Coca-Cola suggests it will never remove single-use plastic
Coca-Cola will not ditch single-use plastic bottles because consumers still want them, the firm’s Head of Sustainability told the BBC.
Coca-Cola, which is one of the biggest producers of plastic waste in the world, has pledged to recycle as many plastic bottles as it uses by 2030.
However, the company has suggested it will never ditch the material completely, because customers like it; the bottles reseal and are lightweight, Head of Sustainability, Bea Perez, told the BBC.
The household beverage brand currently produces approximately three million tonnes of plastic packaging a year – equivalent to 200,000 bottles a minute. But speaking at the World Economic Forum in Davos, Perez said the company recognised it has to be “part of the solution”.
However, according to the BBC, Perez argued that ditching plastic completely is not an option because this could alienate customers and reduce sales. She also explained that using only aluminium and glass packaging could push up the firm’s carbon footprint even further.
“Business will not be in business if we do not accommodate consumers,” she said. “So, as we change our bottling infrastructure, and move into recycling and innovation, we also have to show the consumer what the opportunities are. They will change with us.”
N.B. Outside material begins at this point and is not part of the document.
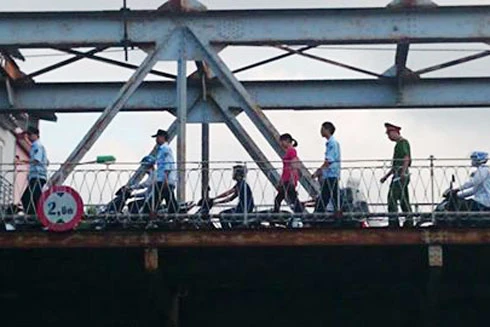 CSGT Hà Nội kịp thời ngăn chặn cô gái nhảy cầu Long Biên tự tử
In a recent complaint to the Advertising Standards Authority, campaign group City to Sea claimed that Coca-Cola’s recycling descriptions are confusing for consumers and sometimes cause further plastic pollution. City to Sea’s Campaigns Manager, Steve Hynd, said: “We need green action, not greenwash to tackle plastic pollution. The way Coca-Cola are using the phrase ‘single-use’ is not how most people understand it, and it is not how legal entities define it. Just because a product can be recycled, it does not mean that it is no longer single-use. If Coca Cola want to ensure their bottles are not single-use, we would love for them to introduce a comprehensive refill system, where the same item is cleaned and re-used multiple times.”